Expected value: 0.129
Your absorbance value: _____________ (enter on worksheet)
To determine the percent error, divide the difference of your value and the expected value by the expected value, then multiply by 100%:
E.g. Your absorbance value was 0.8. The expected value was 0.75.[0.8-0.75] / 0.75 * 100% = 6.7%
If your value was less than the expected, you’d subtract it from the expected value in the numerator.
- Clean up: empty the test tubes into the mixed inorganic waste then rinse in the sink. Invert on a tube rack to dry. Cuvettes can be rinsed and inverted to dry.
Pipetting Exercise
To be completed by each student: This exercise is based on the principle that 1 ml of water is equal to 1 g; 1 µl of water is equal to 1 mg.

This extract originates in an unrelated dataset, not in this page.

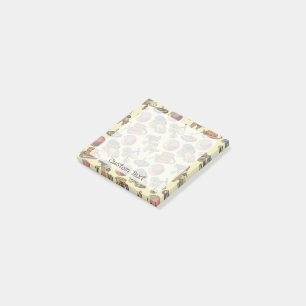 Hintergrund der Spielzeugsymbole Post-it Klebezettel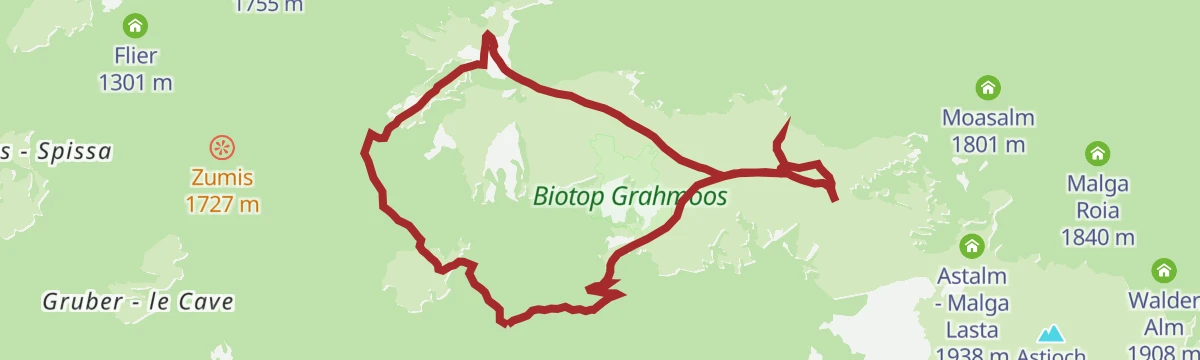 Route map: Raised bog trail - hike on the Luson Alm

- On an analytical balance, weigh 3 microfuge tubes and record the values.
-
- I find it useful to record on the sides of the tubes.
-
- Dispense approximately 100 ml of deionized water into a beaker. Pipette the following volumes into each microfuge tube:
- 800 µl into one tube TWICE
- Pipette used (e.g. P2, P20, etc.):_____________________
- 150 µl into one tube TWICE
- Pipette used (e.g. P2, P20, etc.):_____________________
- 20 µl into one tube THREE TIMES
- Pipette used (e.g. P2, P20, etc.):_____________________
- 800 µl into one tube TWICE
- Re-weigh each tube and determine the volume pipetted. Determine your precision and the percent error like above.
- Microfuge tubes are disposed of in orange biohazard bags.